En España hay 8,6 millones de pensionistas, 5,1 millones de los cuales son jubilados (el resto, viudas y huérfanos). 2,2 millones de pensionistas cobran menos de 500 euros de pensión, y menos de la mitad superan el equivalente al salario mínimo. En Euskadi la pensión media de los 491 mil pensionistas alcanza los 945 euros, frente a los 760 de la pensión media estatal.
Nuestros 300 mil jubilados disponen de una pensión media de 1.077 euros, algo superior a los 721 euros que cobran de media los jubilados andaluces , pero tampoco es para echar cohetes. En España, la jubilación media es de 861 euros, y solamente 1,5 millones de jubilados alcanzan los 1.000 euros de pensión, junto a 396 mil incapacitados, viudas y huérfanos. Menos de 2 millones de pensionados llegan a mileuristas .
Es importante retener las cifras, porque el gobierno central ha decidido que lo mejor que puede hacer ahora con las pensiones es reducir el importe de las pensiones futuras, las de quienes se vayan a jubilar dentro de diez años, respecto a lo que cobrarían si se jubilasen hoy. Para ello propone fundamentalmente elevar la edad de jubilación legal hasta los 67 años, elevar la edad mínima de jubilación desde los 57 años actuales, incrementar el número mínimo de años cotizados para acceder a la pensión y aumentar el periodo de cómputo para calcular la pensión. Considera que de este modo podría recortar el gasto en pensiones en 4 puntos del PIB... a partir de 2030.

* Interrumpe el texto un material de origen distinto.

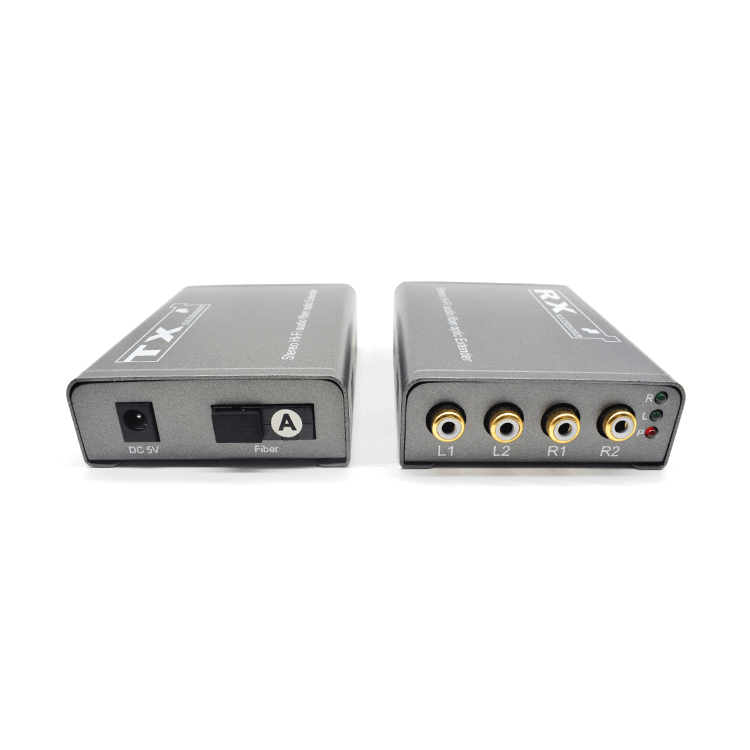 【M-AF04】Extensor de fibra &oacute;ptica de audio RCA digital de cuatro v&iacute;as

Para realizar estas curiosas propuestas, el gobierno se permite presentar, en un documento dirigido a la Comisión europea, unas proyecciones de gasto en pensiones que llegan ¡hasta 2060 !. Le sugiero, amable lector, que piense en una fecha cualquiera del siglo XX . Digamos 1920, o quizá 1948. ¿A quien se le puede ocurrir pensar que con la realidad de la economía de esos años, se hubiera podido proyectar la situación cincuenta años hacia el futuro, y acertar con la realidad de 1970, de 1998? Pues si, alguien se cree capaz de semejante hazaña, al menos en el Ministerio español de Economía y Hacienda y en el Grupo de Trabajo de Envejecimiento de la CE. Me parece pasmoso que alguien piense que puede estimar los hijos que piensan tener los niños que ahora tienen cinco o diez años dentro de veinte años, que serán a su vez lo s trabajadores que cotizarán a la Seguridad Social dentro de cincuenta. Sin hablar por supuesto de los movimientos internacionales de población, cada vez más dinámicos en un mundo globalizado.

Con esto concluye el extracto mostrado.